Autre point évoqué : le fameux le fonds de régulation des recettes. C’est ainsi qu’étant « soutenue par la stérilisation d’une partie du surcroît de ressources budgétaires issu des hydrocarbures à travers l’accumulation d’épargnes budgétaires dans le fonds de régulation des recettes (fonds de stabilisation), la politique monétaire prudente a permis de gérer l’excès structurel de liquidité sur le marché monétaire durant la période 2002 à 2014’, est-il souligné.
D’ailleurs, au cours de cette période, « la conduite active de la politique monétaire au moyen d’instruments pertinents de résorption de l’excès de liquidité a largement contribué à contenir les effets inflationnistes du surcroît de ressources issues des hydrocarbures ».C’est de cette façon que les performances en matière de stabilité monétaire ont conduit à la réforme du cadre de politique monétaire en 2010 qui institue l’objectif explicite d’inflation, concomitamment à celui de stabilité financière. Ces phrases ressemblent fort à une défense du bilan du gouverneur car il est explicité que « tout en poursuivant l’objectif de stabilité des prix, la Banque d’Algérie veille à la stabilité financière et à la sécurité des systèmes des paiements ».
…Et regrette l’année budgétaire perdue en 2015
Il est considéré que si les coussins de sécurité (accumulation des réserves de change et d’épargnes budgétaires dans le fonds de stabilisation) constitués entre 2000 et 2008 ont largement permis de faire face au choc externe de 2009, intervenu en pleine crise financière et économique mondiale, la chute des prix du pétrole à partir de mi-2014 révèle l’acuité de la vulnérabilité de l’économie algérienne à toute contraction des ressources d’hydrocarbures.

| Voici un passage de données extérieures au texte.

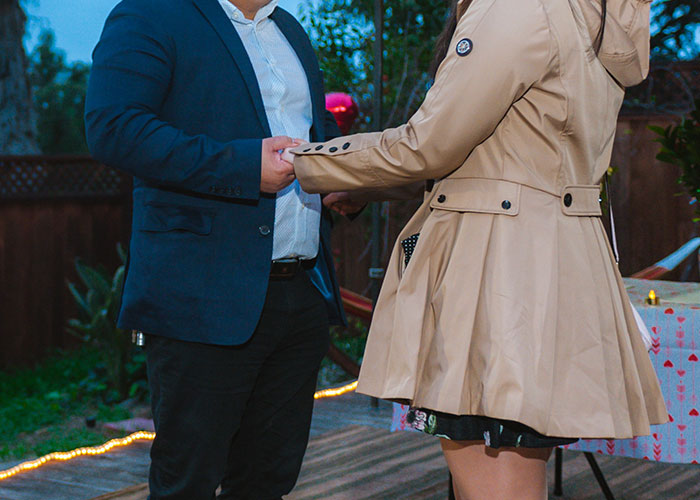 "I Got Booed Out Of The Restaurant After I Said No": 30 People Share Their Experiences And Opinions On Public Proposals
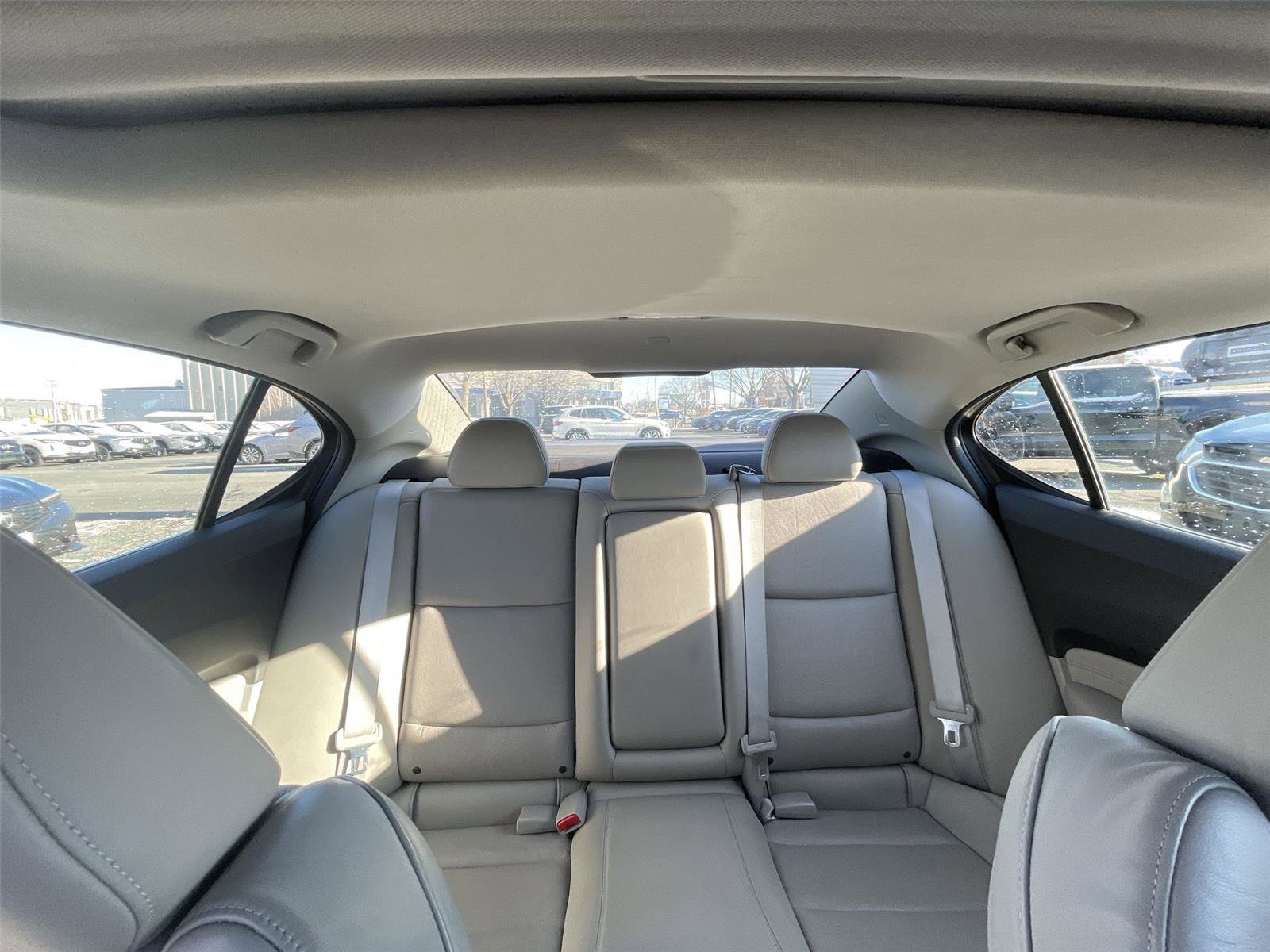 Used 2016 Acura TLX V6 SH-AWD w/ Advance Package image 29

Il est néanmoins admis qu’en dépit de l’ajustement du taux de change pour faire face à ce choc externe, l’érosion rapide des ressources du fonds de stabilisation et des réserves de change traduit notamment le fait que la consolidation budgétaire n’a été que faiblement engagé en 2015. D’ou cette conclusion selon laquelle la contraction de la liquidité bancaire à partir de 2015, qui est plus soutenue en 2016, justifie la réactivation au cours du second semestre 2016 du rôle de la Banque d’Algérie en tant que prêteur en dernier ressort. En tenant compte de la dépendance de l’économie algérienne à l’égard des ressources du secteur des hydrocarbures et du risque d’épuisement des ressources du fonds de stabilisation, la poursuite de la politique de flexibilité du taux de change contribuera à étayer la conduite de la politique monétaire, en situation de faible endettement en devises, est-il estimé.